🤖 AI Summary
This study addresses the performance degradation of remote photoplethysmography (rPPG) under facial motion and occlusion, which stems from reliance on single-view video. To this end, the authors introduce MVRD, the first synchronized multi-view rPPG benchmark dataset, along with MVRD-rPPG, a unified end-to-end multi-view learning framework. The proposed framework effectively integrates physiological cues across views through adaptive temporal optical flow compensation (ATOC), a rhythm-visual dual-stream network, multi-view correlation-aware attention (MVCA), and coherent frequency adversarial (CFA) strategies. Experimental results demonstrate that, in dynamic occlusion scenarios within the MVRD dataset, the method achieves a mean absolute error (MAE) of 0.90 in heart rate estimation and a Pearson correlation coefficient of 0.99, significantly outperforming existing approaches.
📝 Abstract
Remote photoplethysmography (rPPG) is a non-contact technique that estimates physiological signals by analyzing subtle skin color changes in facial videos. Existing rPPG methods often encounter performance degradation under facial motion and occlusion scenarios due to their reliance on static and single-view facial videos. Thus, this work focuses on tackling the motion-induced occlusion problem for rPPG measurement in unconstrained multi-view facial videos. Specifically, we introduce a Multi-View rPPG Dataset (MVRD), a high-quality benchmark dataset featuring synchronized facial videos from three viewpoints under stationary, speaking, and head movement scenarios to better match real-world conditions.

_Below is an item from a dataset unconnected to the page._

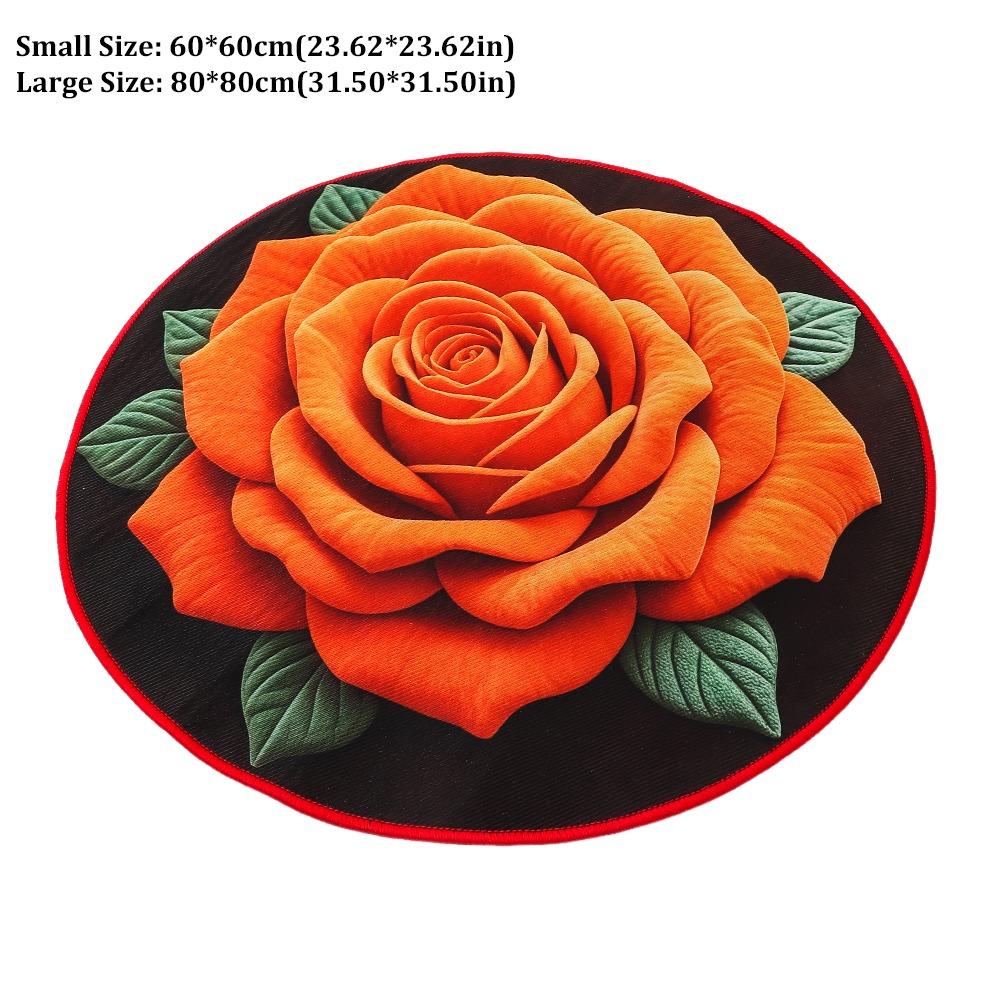 Quick Dry Rose Floor Mat Absorbent Bathroom Rug Creative Flower Carpet  for Living Room Bedroom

We also propose MVRD-rPPG, a unified multi-view rPPG learning framework that fuses complementary visual cues to maintain robust facial skin coverage, especially under motion conditions. Our method integrates an Adaptive Temporal Optical Compensation (ATOC) module for motion artifact suppression, a Rhythm-Visual Dual-Stream Network to disentangle rhythmic and appearance-related features, and a Multi-View Correlation-Aware Attention (MVCA) for adaptive view-wise signal aggregation. Furthermore, we introduce a Correlation Frequency Adversarial (CFA) learning strategy, which jointly enforces temporal accuracy, spectral consistency, and perceptual realism in the predicted signals. Extensive experiments and ablation studies on the MVRD dataset demonstrate the superiority of our approach. In the MVRD movement scenario, MVRD-rPPG achieves an MAE of 0.90 and a Pearson correlation coefficient (R) of 0.99. The source code and dataset will be made available.